_Directions_
Please copy exactly the line containing "Männliche Sumatra-Tiger Stockfoto" and every line after it, through the last line of the records below, leaving out all pictures.

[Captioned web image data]
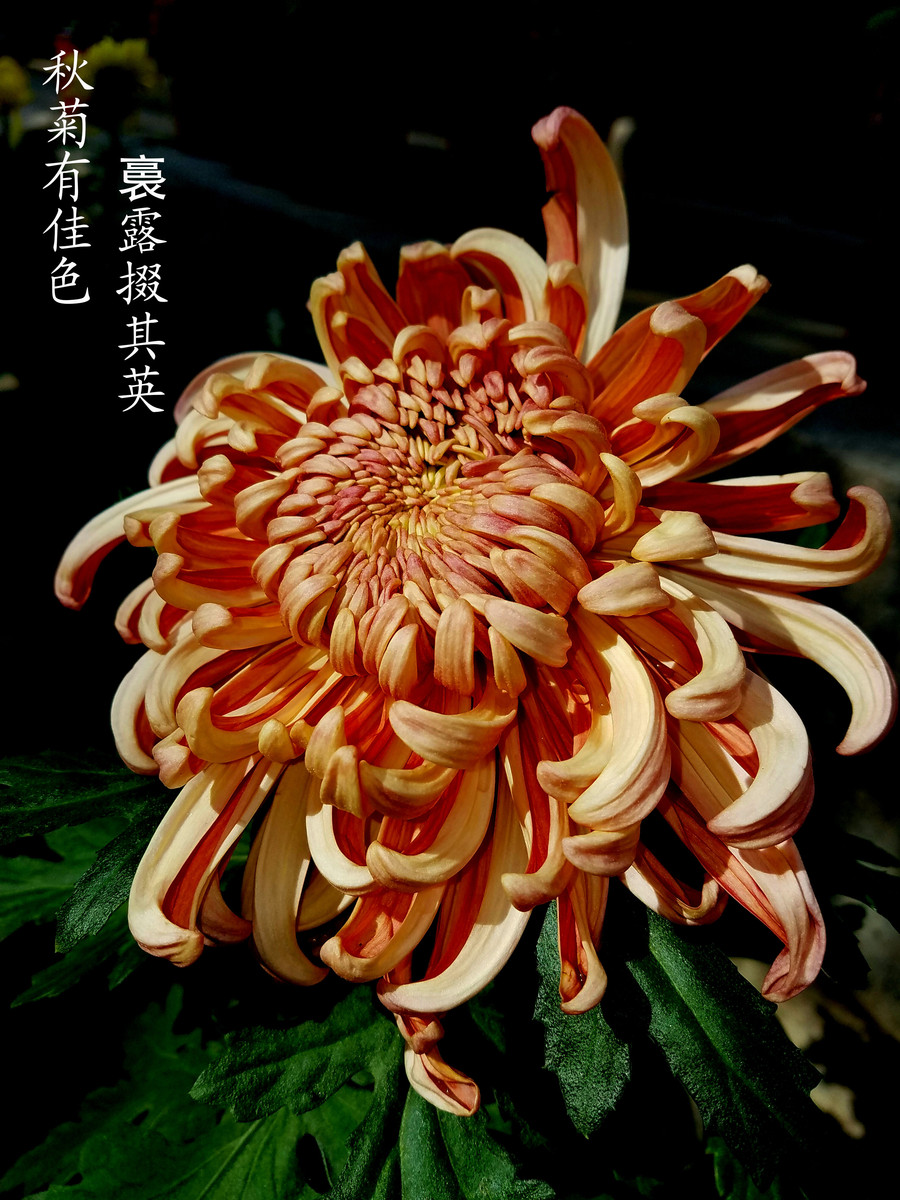 s7秋菊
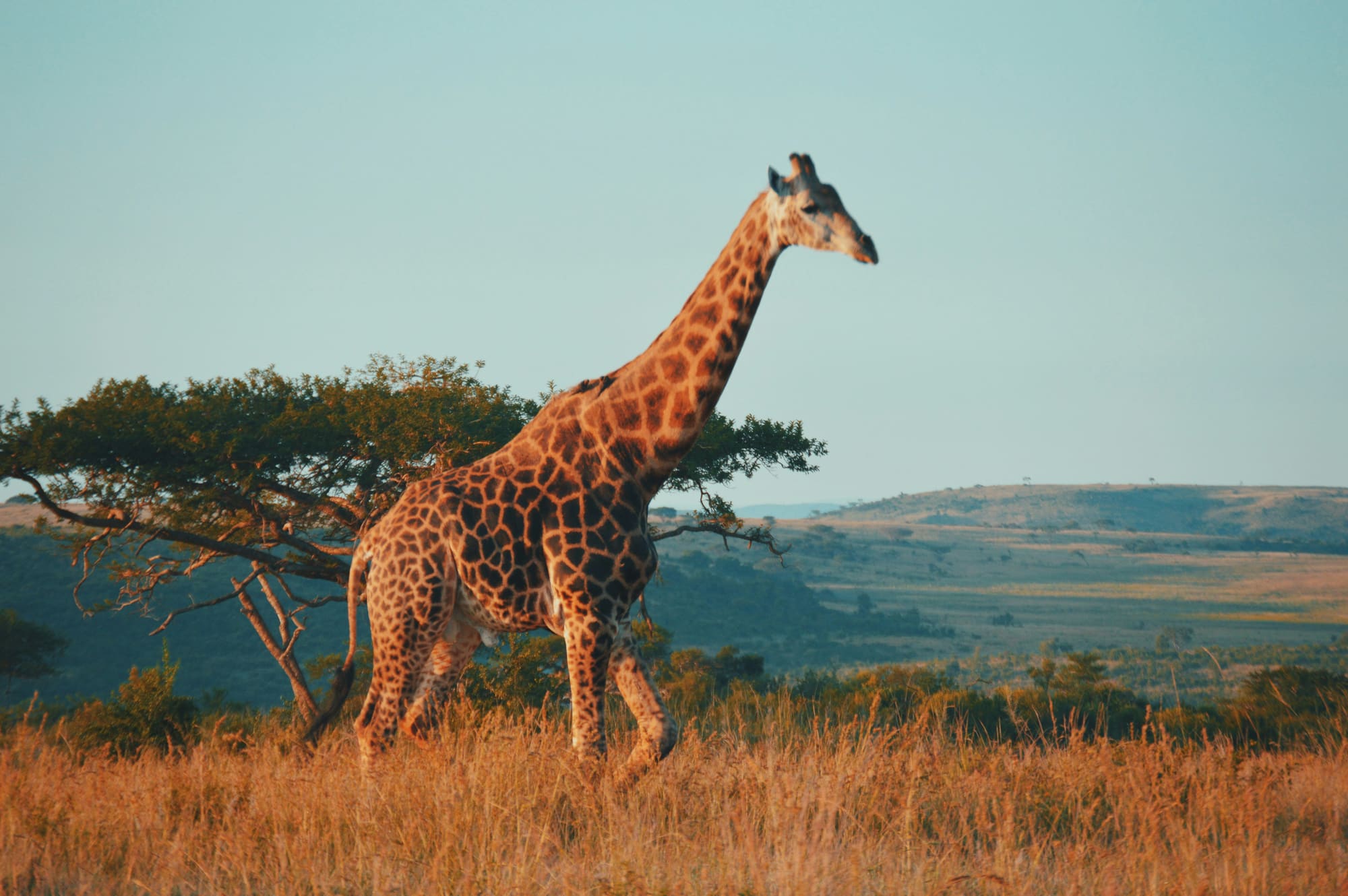 Afrique du Sud – Du Cap au Kruger, photo 4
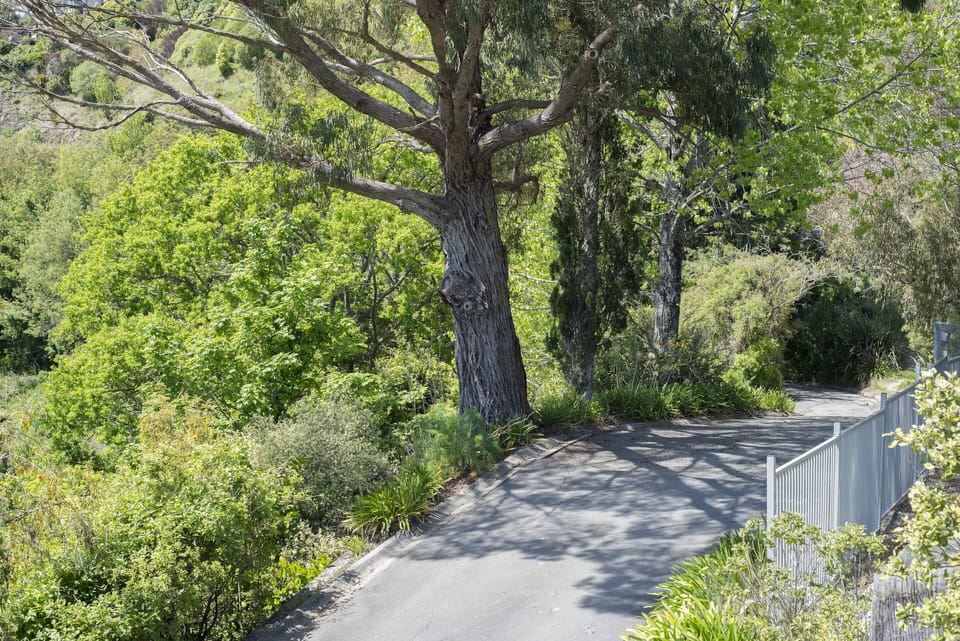 Driveway to property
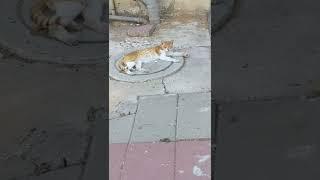 Рыжий пятнистый кот отдыхает  Cute red cat rest  Gato gracioso 猫 Kucing lucu 面白い猫 Lustige katze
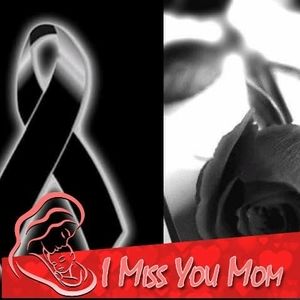 Meet your Posher, Febra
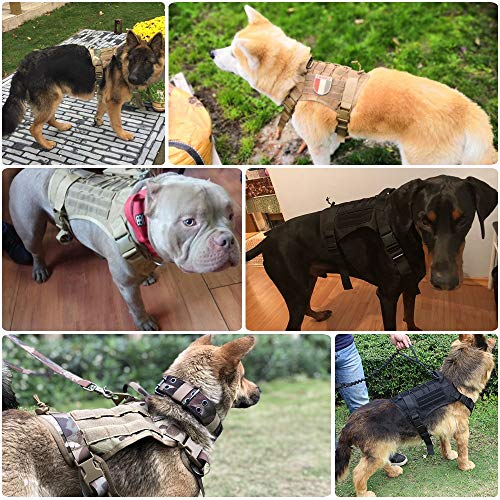 li's Militar táctico arnés Perro Pastor alemán Mascota Chaleco de Perro con Mango Nylon Bungee Perro Correa arnés para pequeños Perros Grandes Cachorro (Color : BK Harness and Leash, Size : Large)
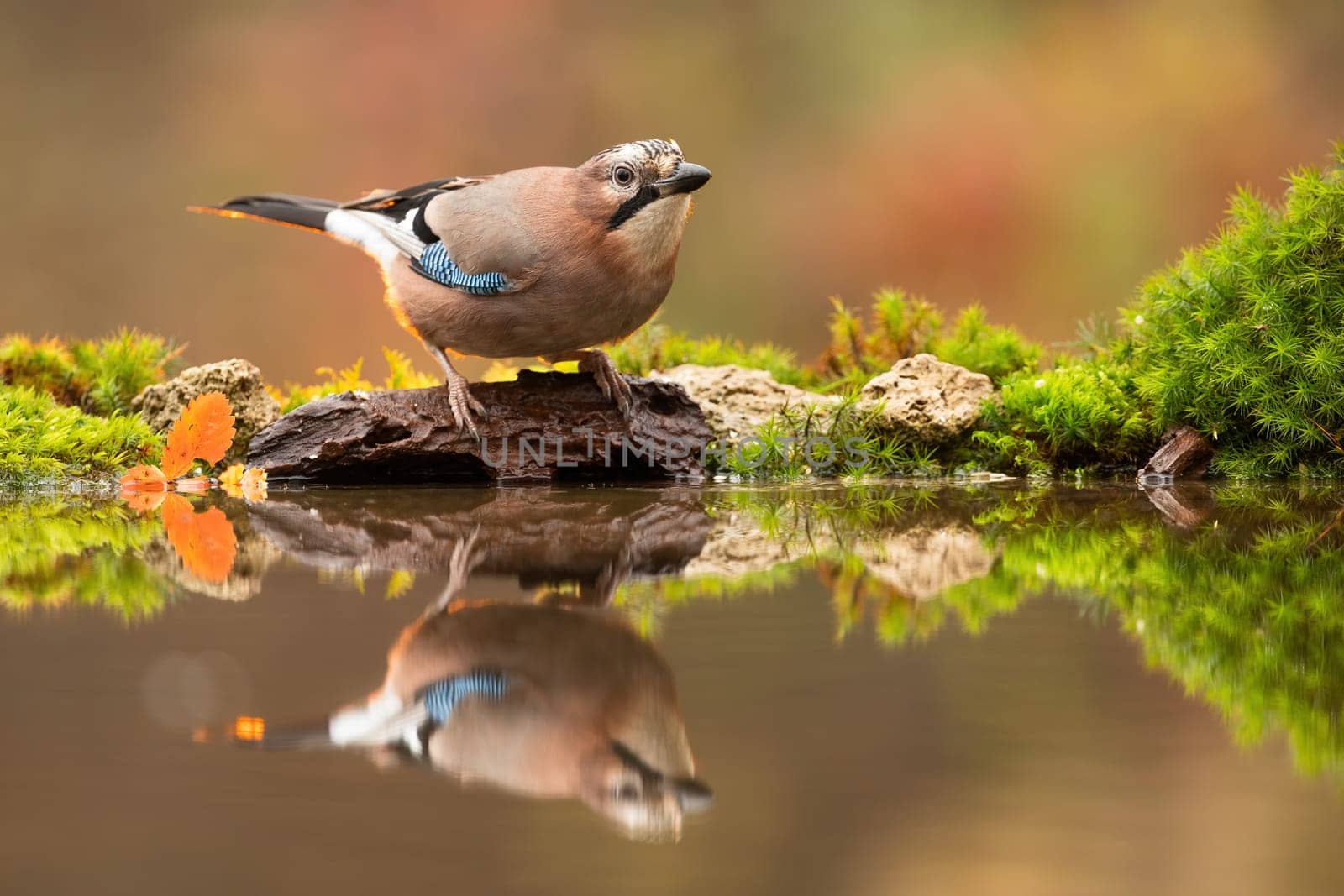eurasian jay, garrulus glandarius, with reflection as it is bending over water surface in autumn nature. Symmetrical horizontal composition of a wild bird near a pond in forest.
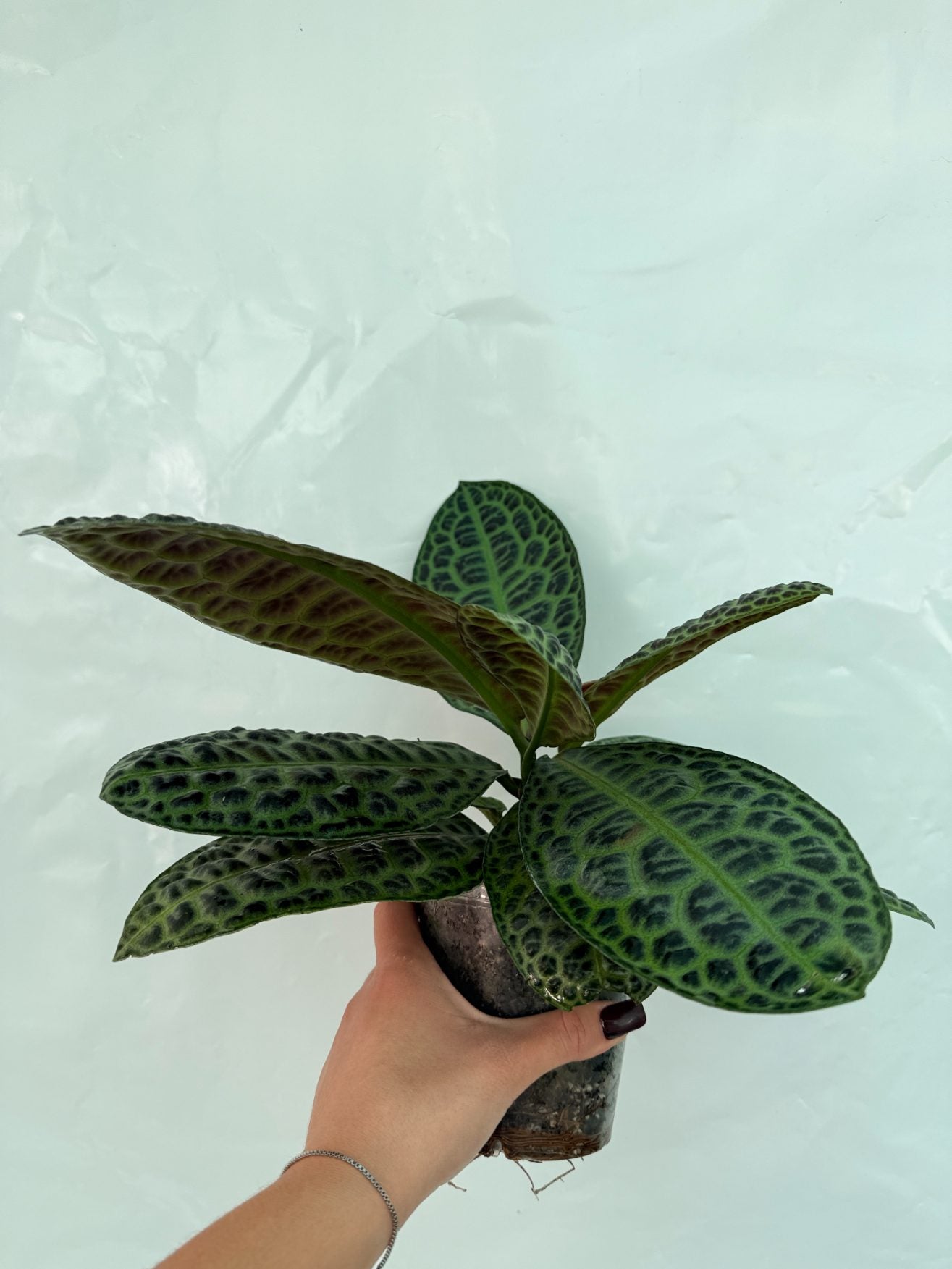 Ardisia_sp_Turtle_back_25-10-28-1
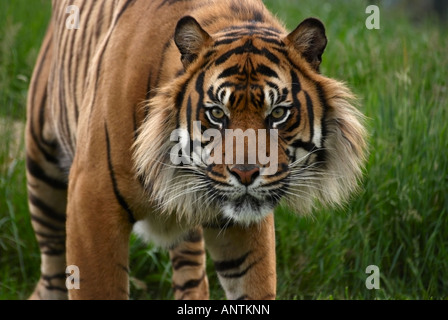Männliche Sumatra-Tiger Stockfoto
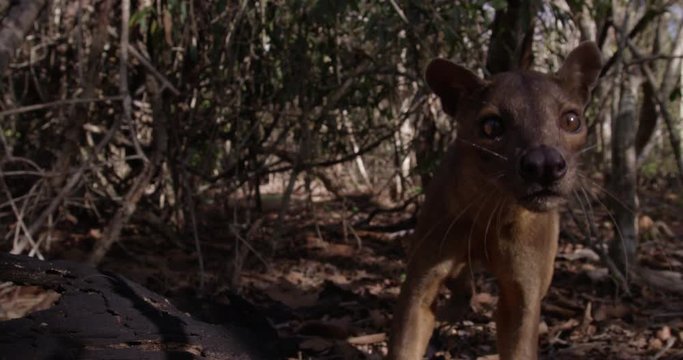 Slow motion close up, young fossa in Madagascar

_Task result_
Männliche Sumatra-Tiger Stockfoto
 Slow motion close up, young fossa in Madagascar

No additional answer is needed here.